Restate the whole listing below word for word and keep the images out.

*INPUT DATA*.
========
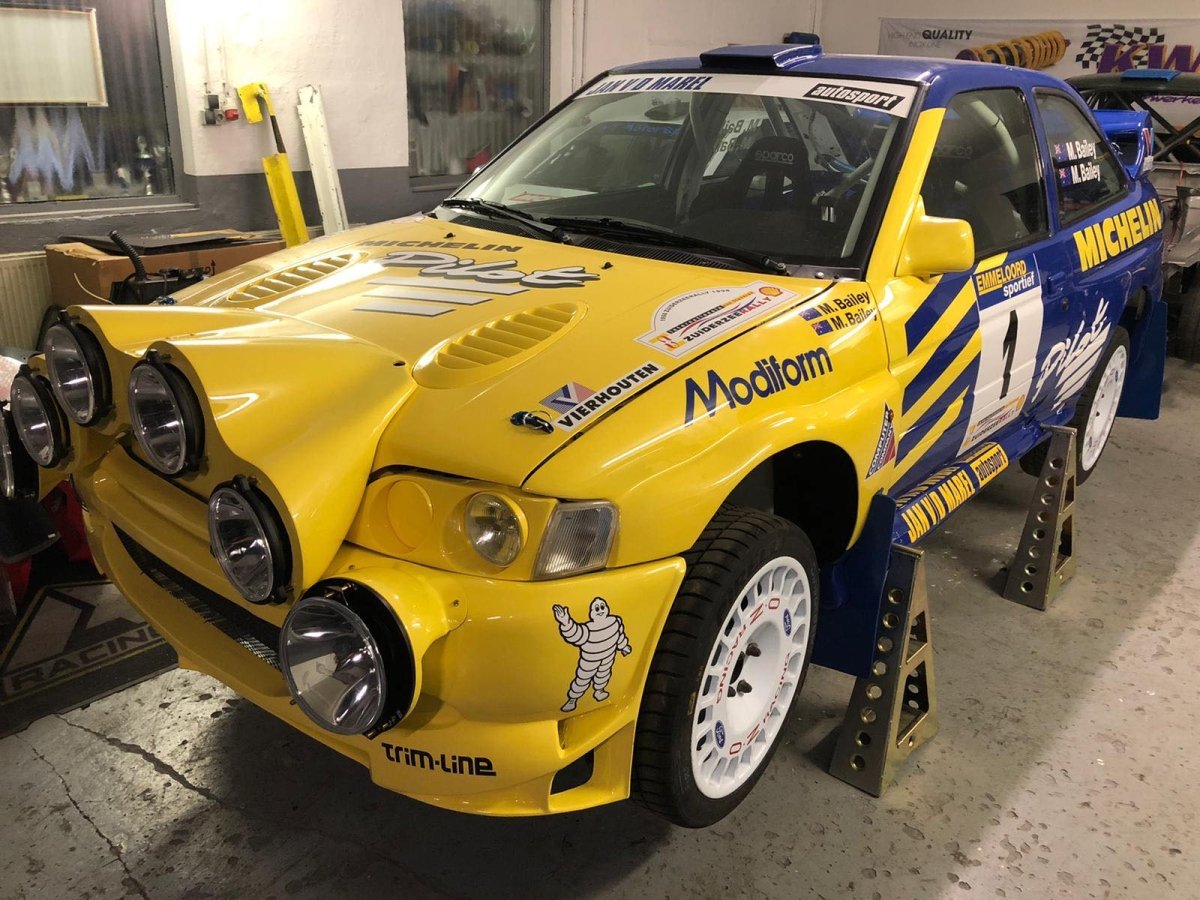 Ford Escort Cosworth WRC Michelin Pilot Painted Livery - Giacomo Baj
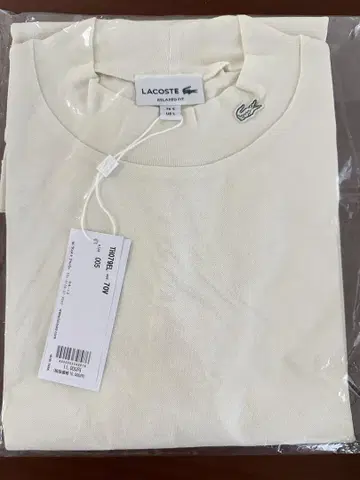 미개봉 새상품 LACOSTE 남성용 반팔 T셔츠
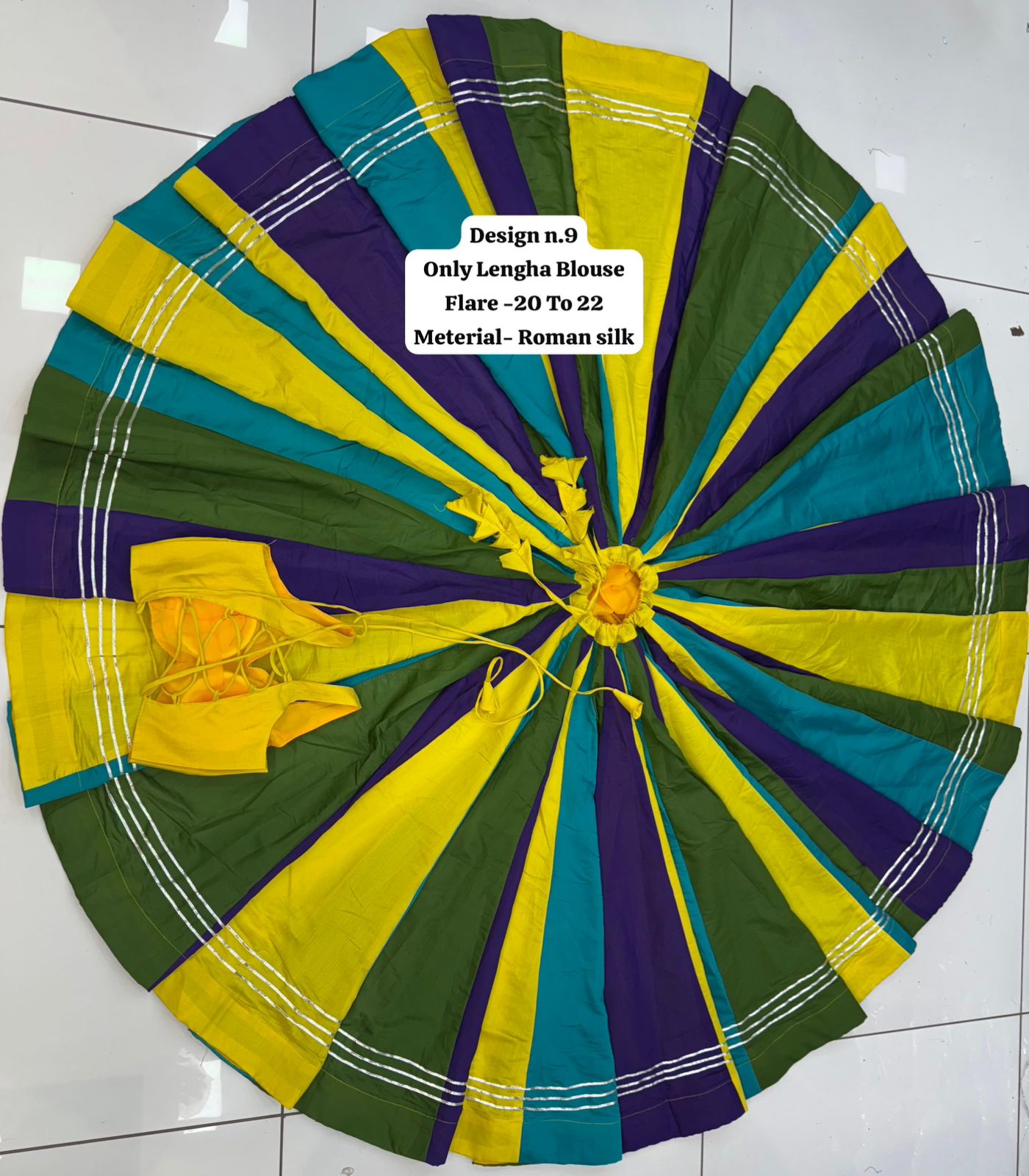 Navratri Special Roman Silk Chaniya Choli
========
*SOLUTION TO THE PROBLEM*.
 Ford Escort Cosworth WRC Michelin Pilot Painted Livery - Giacomo Baj
 미개봉 새상품 LACOSTE 남성용 반팔 T셔츠
 Navratri Special Roman Silk Chaniya Choli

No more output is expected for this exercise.